# Supplied material:
==============================
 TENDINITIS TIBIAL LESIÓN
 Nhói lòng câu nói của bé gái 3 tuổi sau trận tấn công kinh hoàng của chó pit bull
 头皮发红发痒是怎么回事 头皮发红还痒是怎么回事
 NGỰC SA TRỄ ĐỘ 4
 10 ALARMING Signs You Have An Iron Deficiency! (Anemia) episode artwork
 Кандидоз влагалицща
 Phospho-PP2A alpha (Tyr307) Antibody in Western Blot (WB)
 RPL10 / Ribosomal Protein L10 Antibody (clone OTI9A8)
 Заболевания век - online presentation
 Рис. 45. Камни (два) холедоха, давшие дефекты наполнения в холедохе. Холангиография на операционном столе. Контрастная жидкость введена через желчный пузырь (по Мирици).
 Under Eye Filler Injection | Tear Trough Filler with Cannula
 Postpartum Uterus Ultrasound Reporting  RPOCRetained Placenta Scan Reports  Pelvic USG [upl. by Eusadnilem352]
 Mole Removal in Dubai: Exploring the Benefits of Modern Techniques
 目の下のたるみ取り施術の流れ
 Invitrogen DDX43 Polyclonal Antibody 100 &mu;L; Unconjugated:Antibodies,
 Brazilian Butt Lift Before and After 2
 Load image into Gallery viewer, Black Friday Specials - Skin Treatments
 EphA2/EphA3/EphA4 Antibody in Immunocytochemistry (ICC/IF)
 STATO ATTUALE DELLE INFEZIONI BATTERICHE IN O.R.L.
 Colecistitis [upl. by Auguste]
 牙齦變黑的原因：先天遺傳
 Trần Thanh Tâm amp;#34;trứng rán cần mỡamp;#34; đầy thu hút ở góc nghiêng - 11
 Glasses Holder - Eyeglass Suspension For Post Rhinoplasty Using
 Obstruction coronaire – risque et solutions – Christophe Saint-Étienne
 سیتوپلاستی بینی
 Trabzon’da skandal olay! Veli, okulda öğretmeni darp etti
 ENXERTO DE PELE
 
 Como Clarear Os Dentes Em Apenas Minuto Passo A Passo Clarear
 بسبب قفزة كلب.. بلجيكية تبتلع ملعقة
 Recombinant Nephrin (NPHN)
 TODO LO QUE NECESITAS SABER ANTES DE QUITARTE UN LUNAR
==============================
# What you should do:
Everything before the line containing "ENXERTO DE PELE" stays out. Write out that line and the rest of the entries exactly.

# Output for this task:
 ENXERTO DE PELE
 
 Como Clarear Os Dentes Em Apenas Minuto Passo A Passo Clarear
 بسبب قفزة كلب.. بلجيكية تبتلع ملعقة
 Recombinant Nephrin (NPHN)
 TODO LO QUE NECESITAS SABER ANTES DE QUITARTE UN LUNAR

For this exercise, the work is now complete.